Crawled caption data:

——

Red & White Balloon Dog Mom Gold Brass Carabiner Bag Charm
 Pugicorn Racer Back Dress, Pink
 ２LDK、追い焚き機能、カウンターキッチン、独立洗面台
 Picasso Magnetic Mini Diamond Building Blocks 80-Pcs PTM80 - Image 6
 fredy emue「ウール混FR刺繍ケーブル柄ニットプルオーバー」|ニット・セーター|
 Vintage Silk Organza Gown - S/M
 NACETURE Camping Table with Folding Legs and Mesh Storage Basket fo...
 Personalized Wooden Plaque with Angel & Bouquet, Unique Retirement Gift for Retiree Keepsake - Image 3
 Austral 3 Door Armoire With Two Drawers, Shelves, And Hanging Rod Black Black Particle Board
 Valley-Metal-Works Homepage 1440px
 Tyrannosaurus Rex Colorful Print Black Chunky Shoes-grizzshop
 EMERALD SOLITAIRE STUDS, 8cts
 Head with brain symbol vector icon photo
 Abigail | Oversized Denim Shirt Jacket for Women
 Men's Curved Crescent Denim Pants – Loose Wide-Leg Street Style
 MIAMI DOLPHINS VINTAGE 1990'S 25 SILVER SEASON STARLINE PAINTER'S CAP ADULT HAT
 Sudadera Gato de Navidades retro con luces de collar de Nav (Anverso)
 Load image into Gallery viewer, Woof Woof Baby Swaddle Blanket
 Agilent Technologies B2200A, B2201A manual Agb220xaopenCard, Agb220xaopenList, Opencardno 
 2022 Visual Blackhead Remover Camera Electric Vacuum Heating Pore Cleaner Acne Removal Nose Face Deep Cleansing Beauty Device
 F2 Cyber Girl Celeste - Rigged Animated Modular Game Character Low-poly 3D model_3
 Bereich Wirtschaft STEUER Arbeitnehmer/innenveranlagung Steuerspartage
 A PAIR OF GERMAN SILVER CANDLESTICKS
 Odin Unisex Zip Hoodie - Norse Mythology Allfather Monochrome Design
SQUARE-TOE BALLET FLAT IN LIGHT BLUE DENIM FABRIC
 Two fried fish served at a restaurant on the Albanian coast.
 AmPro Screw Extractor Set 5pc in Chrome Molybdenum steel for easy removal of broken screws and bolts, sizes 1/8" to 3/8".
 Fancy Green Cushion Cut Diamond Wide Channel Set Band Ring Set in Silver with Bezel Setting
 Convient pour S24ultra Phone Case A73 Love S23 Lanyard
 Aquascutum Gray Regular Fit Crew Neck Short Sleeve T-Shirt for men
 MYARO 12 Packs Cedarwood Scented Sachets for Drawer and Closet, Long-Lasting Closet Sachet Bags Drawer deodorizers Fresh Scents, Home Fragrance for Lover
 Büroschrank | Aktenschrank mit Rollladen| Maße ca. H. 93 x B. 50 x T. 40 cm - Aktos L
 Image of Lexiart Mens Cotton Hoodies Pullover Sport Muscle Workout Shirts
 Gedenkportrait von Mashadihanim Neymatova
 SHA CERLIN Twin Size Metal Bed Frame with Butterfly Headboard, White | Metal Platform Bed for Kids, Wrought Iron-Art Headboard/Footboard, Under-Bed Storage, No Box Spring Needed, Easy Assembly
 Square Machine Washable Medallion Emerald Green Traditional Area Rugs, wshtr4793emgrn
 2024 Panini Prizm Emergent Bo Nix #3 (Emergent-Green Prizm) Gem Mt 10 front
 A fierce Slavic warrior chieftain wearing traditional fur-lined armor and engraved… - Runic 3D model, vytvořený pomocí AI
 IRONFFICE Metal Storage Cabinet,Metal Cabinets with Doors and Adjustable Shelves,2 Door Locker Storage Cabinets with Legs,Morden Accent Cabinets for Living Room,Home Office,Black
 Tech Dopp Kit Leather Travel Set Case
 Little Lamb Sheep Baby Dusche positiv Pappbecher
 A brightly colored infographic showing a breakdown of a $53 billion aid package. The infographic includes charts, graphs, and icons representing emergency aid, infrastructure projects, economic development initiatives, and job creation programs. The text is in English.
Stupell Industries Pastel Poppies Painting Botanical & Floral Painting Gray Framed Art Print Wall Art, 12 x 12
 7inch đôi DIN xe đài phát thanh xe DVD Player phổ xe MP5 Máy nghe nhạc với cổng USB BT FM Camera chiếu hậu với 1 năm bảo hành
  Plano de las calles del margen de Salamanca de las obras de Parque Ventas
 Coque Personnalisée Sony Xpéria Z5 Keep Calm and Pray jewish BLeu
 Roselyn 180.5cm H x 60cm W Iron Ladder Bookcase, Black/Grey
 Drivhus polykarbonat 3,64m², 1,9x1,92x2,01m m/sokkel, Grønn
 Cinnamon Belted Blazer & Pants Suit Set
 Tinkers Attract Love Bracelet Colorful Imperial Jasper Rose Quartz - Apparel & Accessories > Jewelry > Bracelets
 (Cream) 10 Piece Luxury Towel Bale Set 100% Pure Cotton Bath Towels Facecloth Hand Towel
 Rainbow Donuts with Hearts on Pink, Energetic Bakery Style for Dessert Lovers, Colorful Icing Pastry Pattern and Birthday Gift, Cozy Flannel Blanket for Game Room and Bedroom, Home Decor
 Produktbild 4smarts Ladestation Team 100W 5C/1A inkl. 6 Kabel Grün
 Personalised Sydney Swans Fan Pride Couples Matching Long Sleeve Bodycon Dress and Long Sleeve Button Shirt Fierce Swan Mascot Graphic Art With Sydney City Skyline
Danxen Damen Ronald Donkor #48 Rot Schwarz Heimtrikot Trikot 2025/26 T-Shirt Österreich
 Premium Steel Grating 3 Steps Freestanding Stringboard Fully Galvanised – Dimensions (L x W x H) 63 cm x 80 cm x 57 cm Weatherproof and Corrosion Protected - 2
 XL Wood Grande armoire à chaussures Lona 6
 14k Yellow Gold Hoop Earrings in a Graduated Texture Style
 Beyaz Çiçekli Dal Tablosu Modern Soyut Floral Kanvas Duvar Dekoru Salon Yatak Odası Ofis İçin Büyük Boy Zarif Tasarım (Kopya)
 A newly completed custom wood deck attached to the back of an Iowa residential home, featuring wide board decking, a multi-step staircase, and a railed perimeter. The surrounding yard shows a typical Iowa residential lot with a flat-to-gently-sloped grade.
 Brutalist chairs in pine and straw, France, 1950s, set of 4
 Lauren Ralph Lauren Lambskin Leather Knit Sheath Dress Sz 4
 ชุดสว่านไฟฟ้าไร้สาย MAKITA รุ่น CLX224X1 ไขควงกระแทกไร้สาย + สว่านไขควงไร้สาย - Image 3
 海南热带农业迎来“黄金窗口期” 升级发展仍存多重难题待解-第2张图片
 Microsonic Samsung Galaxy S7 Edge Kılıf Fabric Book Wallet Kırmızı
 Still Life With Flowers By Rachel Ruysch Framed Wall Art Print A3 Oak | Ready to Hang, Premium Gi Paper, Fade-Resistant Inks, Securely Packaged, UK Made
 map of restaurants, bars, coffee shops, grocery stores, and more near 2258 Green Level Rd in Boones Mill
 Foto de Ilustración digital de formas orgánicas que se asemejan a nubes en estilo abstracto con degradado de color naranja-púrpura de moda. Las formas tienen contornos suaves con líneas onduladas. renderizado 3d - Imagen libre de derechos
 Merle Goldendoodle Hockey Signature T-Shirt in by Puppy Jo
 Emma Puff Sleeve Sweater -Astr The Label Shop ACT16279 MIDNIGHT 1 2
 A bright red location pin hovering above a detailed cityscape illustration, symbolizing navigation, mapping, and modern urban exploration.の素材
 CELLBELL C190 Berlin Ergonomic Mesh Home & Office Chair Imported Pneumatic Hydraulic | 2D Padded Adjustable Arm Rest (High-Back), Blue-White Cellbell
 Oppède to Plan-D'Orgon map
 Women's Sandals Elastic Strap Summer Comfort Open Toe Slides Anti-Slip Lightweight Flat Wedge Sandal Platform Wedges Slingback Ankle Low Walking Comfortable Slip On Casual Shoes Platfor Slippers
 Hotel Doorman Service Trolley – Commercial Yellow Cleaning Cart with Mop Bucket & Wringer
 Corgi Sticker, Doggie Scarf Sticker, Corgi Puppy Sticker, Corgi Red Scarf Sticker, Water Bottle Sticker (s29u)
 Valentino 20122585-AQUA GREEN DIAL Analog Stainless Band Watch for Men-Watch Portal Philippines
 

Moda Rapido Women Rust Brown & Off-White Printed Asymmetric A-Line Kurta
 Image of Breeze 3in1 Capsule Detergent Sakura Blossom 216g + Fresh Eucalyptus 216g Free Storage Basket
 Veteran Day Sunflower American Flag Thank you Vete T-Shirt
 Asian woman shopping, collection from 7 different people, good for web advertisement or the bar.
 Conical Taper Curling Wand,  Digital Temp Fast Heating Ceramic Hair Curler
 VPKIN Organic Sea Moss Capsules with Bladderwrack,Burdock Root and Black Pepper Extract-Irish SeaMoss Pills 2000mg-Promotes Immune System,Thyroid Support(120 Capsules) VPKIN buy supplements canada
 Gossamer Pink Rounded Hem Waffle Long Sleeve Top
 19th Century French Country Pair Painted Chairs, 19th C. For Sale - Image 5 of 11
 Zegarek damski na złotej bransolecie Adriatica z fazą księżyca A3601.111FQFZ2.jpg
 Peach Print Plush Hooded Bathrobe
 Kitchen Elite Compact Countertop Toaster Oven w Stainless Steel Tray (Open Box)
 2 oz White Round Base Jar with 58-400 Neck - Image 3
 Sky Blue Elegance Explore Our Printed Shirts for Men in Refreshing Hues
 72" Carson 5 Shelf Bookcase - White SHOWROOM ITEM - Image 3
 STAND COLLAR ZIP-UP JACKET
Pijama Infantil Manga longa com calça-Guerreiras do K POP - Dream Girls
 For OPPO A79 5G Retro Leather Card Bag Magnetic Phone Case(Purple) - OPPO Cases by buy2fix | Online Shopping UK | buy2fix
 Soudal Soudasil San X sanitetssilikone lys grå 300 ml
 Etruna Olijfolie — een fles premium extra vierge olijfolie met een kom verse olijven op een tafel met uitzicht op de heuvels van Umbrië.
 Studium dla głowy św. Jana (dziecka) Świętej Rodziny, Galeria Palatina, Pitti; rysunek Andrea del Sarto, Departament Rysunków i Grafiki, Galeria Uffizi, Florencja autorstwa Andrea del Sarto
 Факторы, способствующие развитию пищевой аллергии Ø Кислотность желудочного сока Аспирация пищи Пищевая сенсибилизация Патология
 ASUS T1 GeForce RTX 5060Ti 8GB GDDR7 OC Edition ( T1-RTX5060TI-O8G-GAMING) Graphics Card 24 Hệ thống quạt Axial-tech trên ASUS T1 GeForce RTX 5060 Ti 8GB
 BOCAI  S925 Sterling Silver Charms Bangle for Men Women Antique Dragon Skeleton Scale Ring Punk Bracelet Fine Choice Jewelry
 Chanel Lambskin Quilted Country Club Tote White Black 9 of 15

——

WHAT THIS TASK INVOLVES:
A single figure is all that is needed: the number of lines above that contain the string "Mesh".

WRITTEN RESPONSE:
2